According to the tech sheet that accompanied my Eagle 2-post lift, the number one reason for lift failure is the failure to keep the anchor bolts tight.

As long as the lift is correctly installed, the arms are correctly positioned and the car is balanced properly, the lift is as safe as jack stands. Most lift makers offer an optional tripod jack that can be used for added support is some serious "grunting" that might upset the balance is anticipated.

Reply to
John Kunkel

As the other poster said the anchor bolts are the real issue. An off-balance vehicle on the lift turns the lift into a giant lever that will exert many many tons of force on the anchor bolts. And it is easy in that kind of situation to pull anchor bolts right out of concrete.

Keep in mind concrete is excellent for compression, but terrible for expansive forces.

If I was doing one of these in an existing garage I would use a concrete saw and cut out a big footing, then dig down at least 2 feet or more, then at the bottom of the hole put in a big steel plate, and have the bolts for the lift coming through holes in the steel plate, then pour concrete over this. What ends up happening then is all the lifting force on the bolts pulls up on the plate, which then compresses the block of concrete. Also, keep in mind that concrete takes weeks of curing to get full strength.

Ted

Reply to
Ted Mittelstaedt

If I was doing one of these, I would read the directions for installation. Actually I have done one, and for a 7,000 lb lift, 4 inches of concrete is the minimum requirement. I have no idea why anchor bolts should be an issue unless improperly installed, which is certainly more probable than a manufacturer selling a defectively designed lift.

Reply to
Chas Hurst

4 inches in what direction? Depth, width? Concrete also comes in different hardnesses, what were they recommending?
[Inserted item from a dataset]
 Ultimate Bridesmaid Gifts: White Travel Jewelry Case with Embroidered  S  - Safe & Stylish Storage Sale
I suspect your directions were for someone pouring a garage floor with the bolts embedded in the concrete. Thus a slab of concrete that's at least 6 foot square - assuming that holds together the leverage would be such that the posts would bend before enough force was transmitted to the slab for it to tilt up.

But if your talking a 1foot by 1foot square hole at 4 inches deep - once the lift was installed, you could probably push it over and the posts would yank that 12x12x4 inch slab up as quick as sin.
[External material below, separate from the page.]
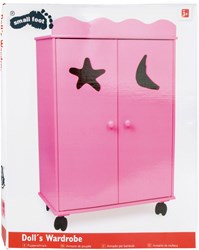 Small Foot armadio per bambole in legno rosa con ruote e motivo stelle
People don't understand how easy it is to pull anchor bolts right up out of solid concrete. All you have to do is apply some leverage, which for a thin slab will crack the concrete right through where the bolt is and the second that happens the bolt will come erupting out. That is why you want to have a steel plate down there.

If the vehicle is centered on the lift to where the weight is evenly distributed, then all the force that is transmitted from the posts to the concrete is downward compression which concrete is great at taking. 4 inches is nothing for that.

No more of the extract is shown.